The water completely filled all the mines where coal was extracted, It is very clean with a turquoise hue, but the strongest transformation occurred with clay waste heaps. Rain, melting snow, and wind turned them into strange mountains of red-brown color. The strongest transformation occurred with clay waste heaps. Rain, melting snow, and wind turned them into strange mountains of red-brown color.
The Mikhailovsky opencast mine is located in the north-western part of the Kursk region. This region is called the Kursk Magnetic Anomaly. Here, the compass needle works with deviations, since there are billions of tons of iron ore in the ground. Moreover, it is not just a rock, in some places the iron content reaches 90%. It is the largest iron ore basin in the world.

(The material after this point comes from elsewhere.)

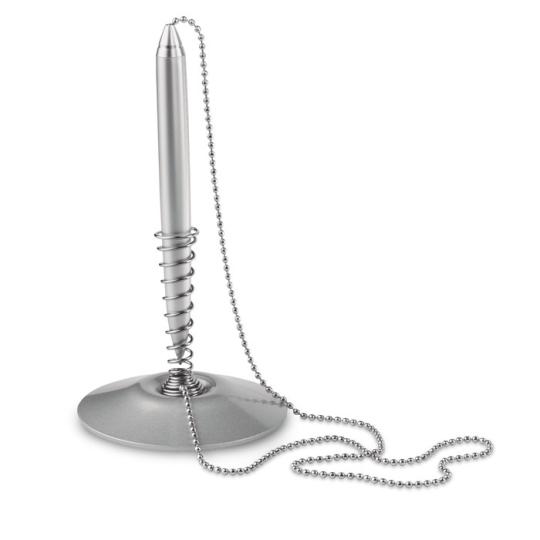 Bolígrafo con soporte Standio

Not far from the city of Zheleznogorsk there is an observation deck where you can come and look at the gigantic scale of the Mikhailovsky opencast mine. It belongs to Metalloinvest Holding. The company's management has decided to develop industrial tourism in the Kursk Magnetic Anomaly. Here you can not only come to the observation deck of the Mikhailovsky opencast mine, but also sign up for an excursion to the quarry or to the iron ore production plant.
Ruskeala Marble Canyon is one of the most beautiful places in Karelia and the entire North-Western region of Russia. Grand Marble Canyon is the main attraction of the Ruskeala Mountain Park. For several centuries, marble has been mined here, on the banks of the Tohmajoki River. Many cathedrals and palaces in St. Petersburg were built from this marble.

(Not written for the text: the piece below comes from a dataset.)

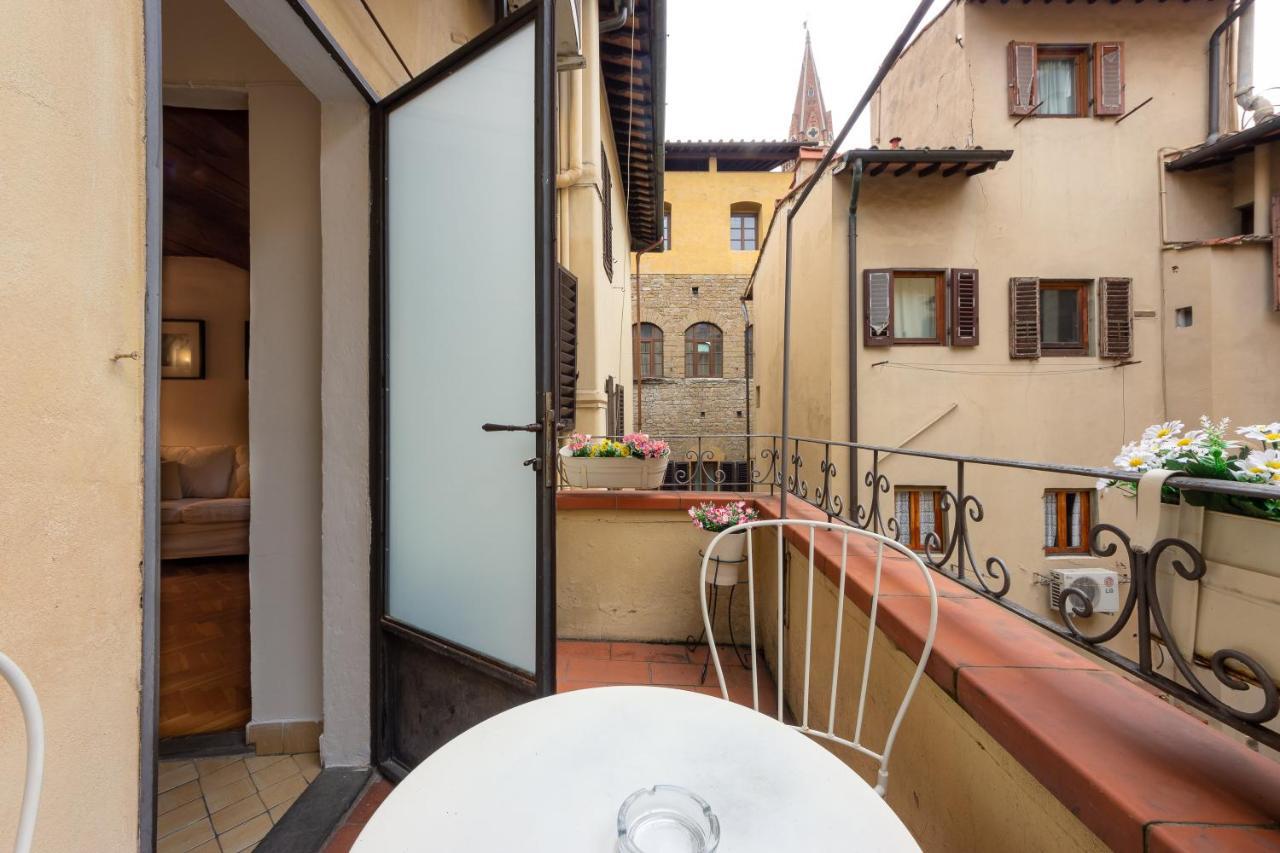 Signoria Florentine Apartment Florencie Exteriér fotografie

Marble and lime mining was carried out here until the end of the 1990s. The Great Marble Canyon was mothballed after World War II and quickly filled with water. Inside the canyon, a lake with azure-colored water has formed, above which steep walls of white and gray marble rock rise. For more than a decade, the quarry was in an abandoned state, but in the 2000s, the tourist infrastructure began to form here. Now a whole Mountain Park was formed here.
Marble Lake is located on the road from the village of Nizhny Baskunchak to Bolshoe Bogdo Mountain. It is at the bottom of a quarry in mines where gypsum is being developed commercially. Part of the quarry and some mines were flooded with underground water. Blocks of gypsum under the bright blue waters of the lake are very similar to marble, so the lake was named Marble.
On the shore of Marble lake there is a sandy beach, which is visited by many people from the surrounding villages and even from Akhtubinsk. Unfortunately, the lake is open for swimming only 1 day a year – August 14, on the Day of the Builder. During the rest of the days, the Austrian Knauf company is developing gypsum here.
Abandoned mines in the Samarskaya Luka Nature Reserve are located in Popova Mountain, as well as in Camel Mountain. Near the village of Shiryaevo, the development of limestone was started in mines of Popova mountain, in the 19th century. Limestone, was mined here, is almost 100% consist of calcium carbonate, which allowed producing lime of the highest quality. Despite the only square entrances to the mines are visible from the road, the mines in Popova, and then in the Monastery mountain, amounted to 17 thousand square meters. Huge corridors stretch hundreds of meters deep into the mountain.
In the 19th century, horse-drawn drays were driven into these tunnels and loaded with hand-cut limestone. In the process of limestone extracting in mine tunnels, large columns were made to protect against collapses. They give the caves a beautiful and mystical appearance.